2. John McPhee, “The Keel of Lake Dickey,” The New Yorker, May 3, 1976; included in McPhee’s 1979 collection, Giving Good Weight (“We are a bend or two below the Priestly Rapid, and we can see more than a mile ahead before the river turns from view. Bank to bank, the current is running fast. It is May 28th. The ice went out about a month ago. We have seen remnant snow in shadowed places on the edges of the river. The hardwoods are just budding, and they are scattered among the conifers, so the riverine hills are bright and dark green, streaked with the white stems of canoe birch”).

3. Bill Barich, “Steelhead,” The New Yorker, March 2, 1981; retitled “Steelhead on the Russian,” in Barich’s 1984 collection, Traveling Light (“From my available gear, I’d assembled a kitful of lures and a makeshift steelhead rig – an eight-foot fiberglass rod and a medium-sized spinning reel wound with twelve-pound test – and I took it in hand and walked off into a seemingly static landscape that could have been painted by Hokusai: twisted live oak trees, barren willows, new winter grass, and vineyards laced with yellow mustard flowers, everything cloaked in river mist”).

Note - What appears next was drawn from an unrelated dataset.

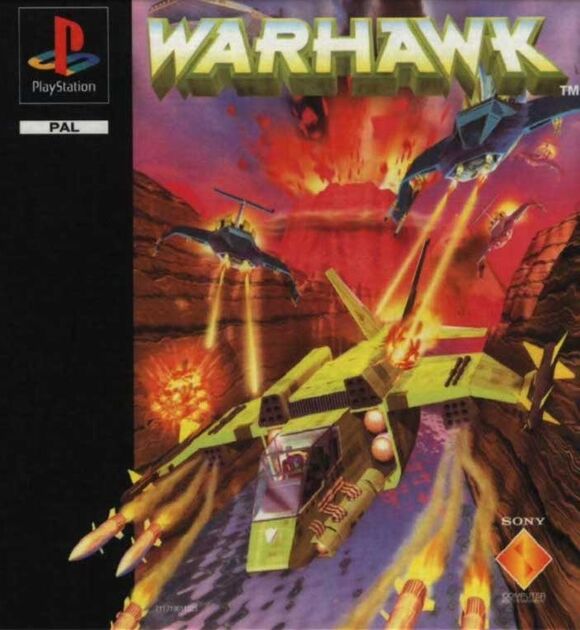 Warhawk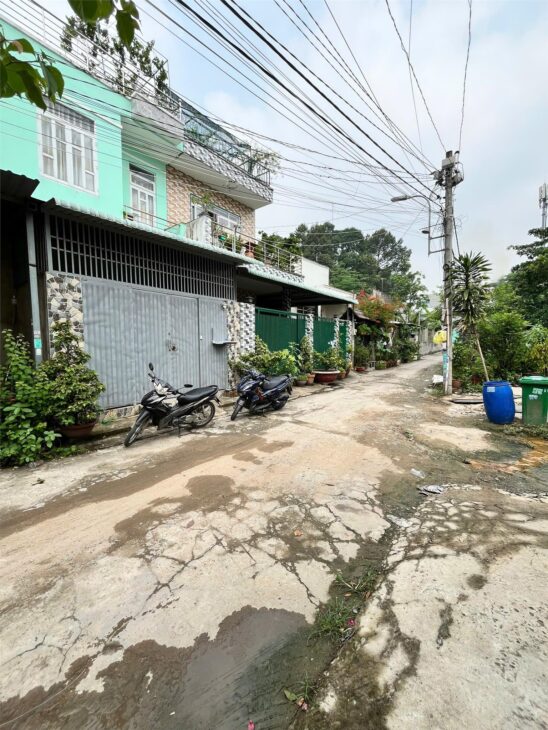 CHỦ GỬI – NHÀ ĐẸP 1 TRỆT 2 LẦU – 82m2-NGUYỄN XIỂN – LONG THẠNH MỸ – 5.2 tỷ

4. Alec Wilkinson, “The Riverkeeper,” The New Yorker, May 11, 1987; included in Wilkinson’s 1990 collection, The Riverkeeper (“I went out with him one evening in December to look at a cove that is so choked in the summer with water chestnuts that he can’t get the boat into it, and we came home in the dark, and it was really cold, and the water was so smooth that the sensation of crossing it was almost like flying. I have been out with him on hot, hazy days when the river is gray and the sky is white and the hills in the distance are blue. I made a trip with him one spring day from Cold Spring to Catskill Creek – sixty miles. In Poughkeepsie, we stopped and watched police divers haul the body of a drowned man from the river. We spent the night in a slip at Hop-O-Nose Marine, on Catskill Creek. Herring jumped all night in the creek. It sounded like someone spooning water from a basin with his hands”).

5. Ian Frazier, “Five Fish,” The New Yorker, October 8, 2001; included in Frazier’s 2002 collection, The Fish’s Eye (“Storm clouds moved in, and the afternoon light became a wintry gloom. Snow began to fall hard, hissing in the bare branches of the cottonwood trees. The river scenery – bare-rock bluffs, dark-red willows, and tawny grasses along the shore – faded like something you see as you fall asleep. Daryl and I waded in deeper, crossed the river, tried different spots. The water in the Bitterroot actually felt warmer than the melted snow trickling around our ears. My fly line began to make a raspy sound in the line guides as it passed over the edges of ice building up in them. Steam rose from the water and moved in genie-sized wisps with the current”).

Credit: The above illustration by James Graves is from John McPhee’s ““The Keel of Lake Dickey” (The New Yorker, May 3, 1976).